◆ EXERCISE INSTRUCTIONS
Images do not belong in the copy. Retype all the entries below exactly.

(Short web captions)

== Segment start ==

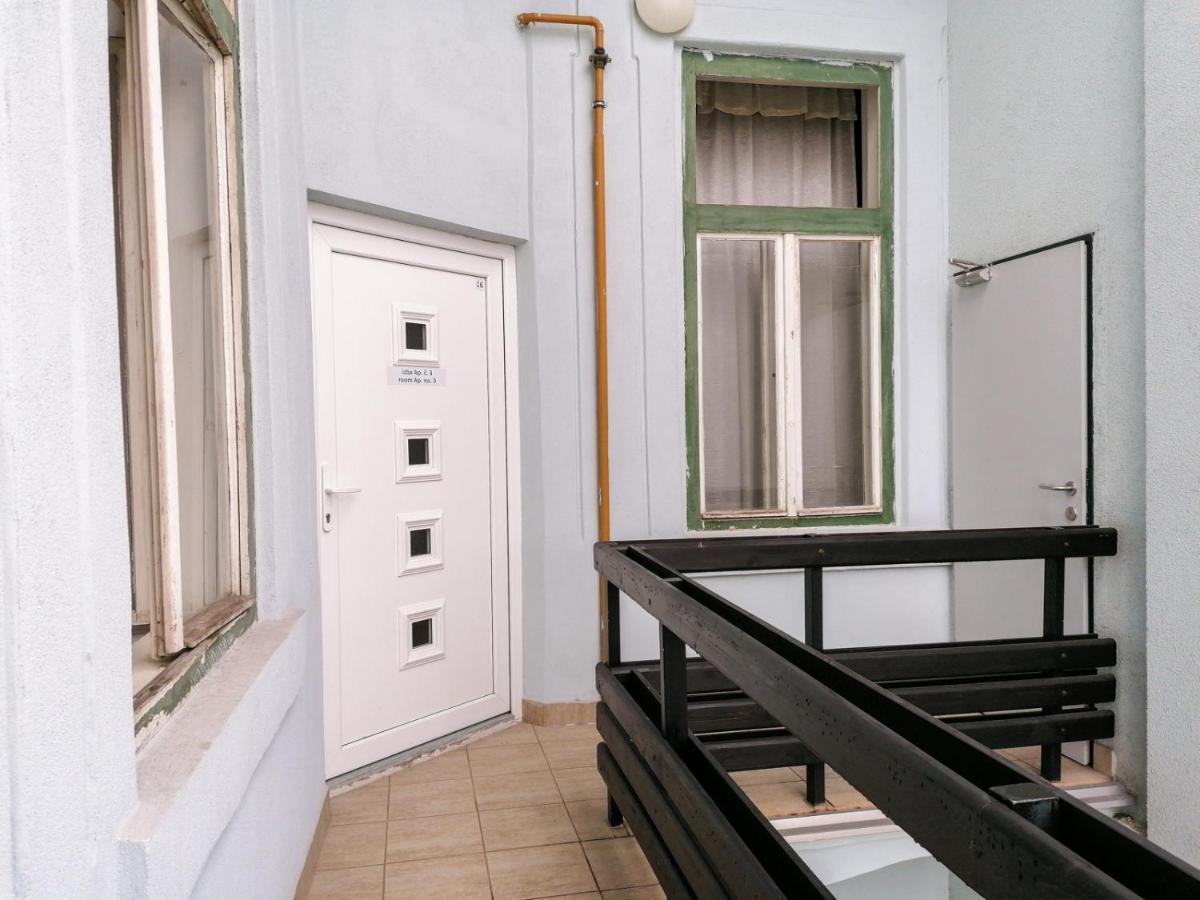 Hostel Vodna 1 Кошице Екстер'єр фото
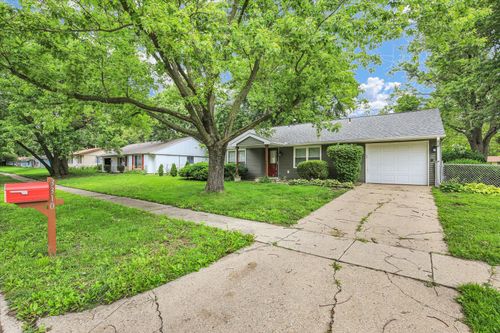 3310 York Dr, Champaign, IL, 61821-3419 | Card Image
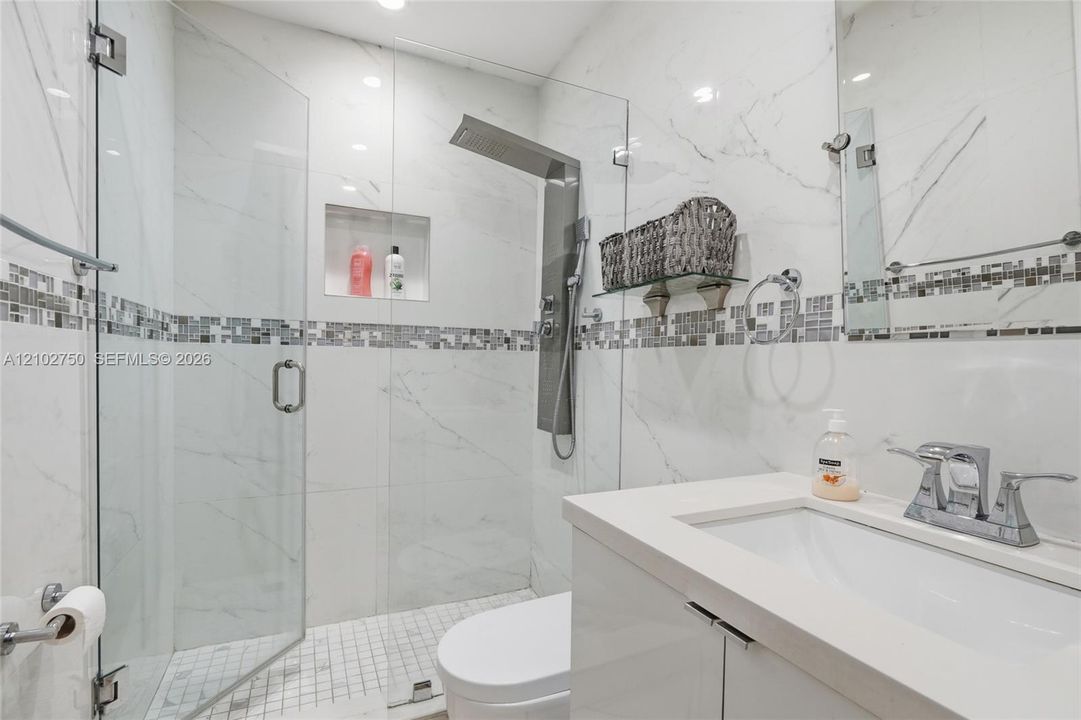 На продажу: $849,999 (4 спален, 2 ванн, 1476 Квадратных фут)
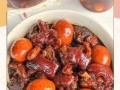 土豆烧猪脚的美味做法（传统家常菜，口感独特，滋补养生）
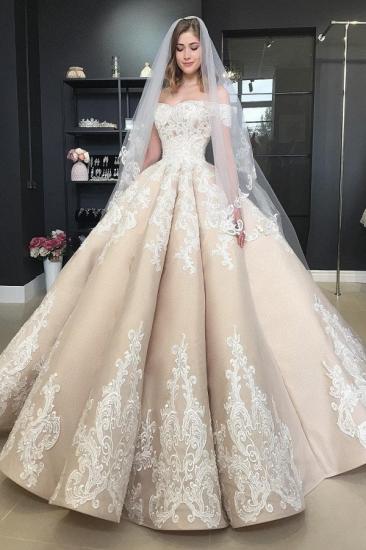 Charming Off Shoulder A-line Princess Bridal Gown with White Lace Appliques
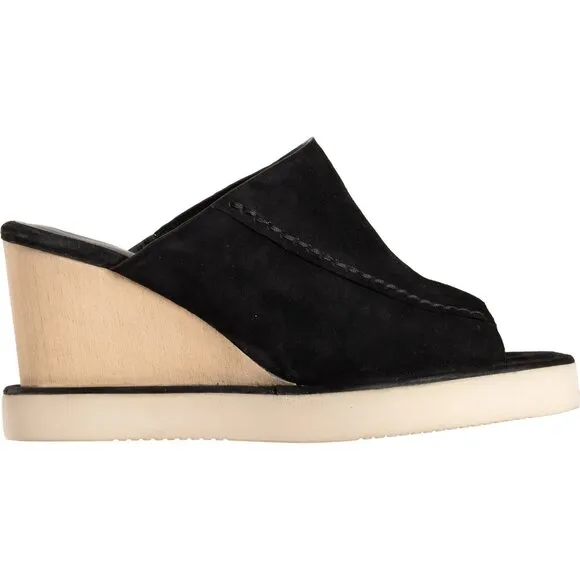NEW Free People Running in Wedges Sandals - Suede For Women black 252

== Segment end ==

◆ RESPONSE TO THIS EXERCISE
 Hostel Vodna 1 Кошице Екстер'єр фото
 3310 York Dr, Champaign, IL, 61821-3419 | Card Image
 На продажу: $849,999 (4 спален, 2 ванн, 1476 Квадратных фут)
 土豆烧猪脚的美味做法（传统家常菜，口感独特，滋补养生）
 Charming Off Shoulder A-line Princess Bridal Gown with White Lace Appliques
NEW Free People Running in Wedges Sandals - Suede For Women black 252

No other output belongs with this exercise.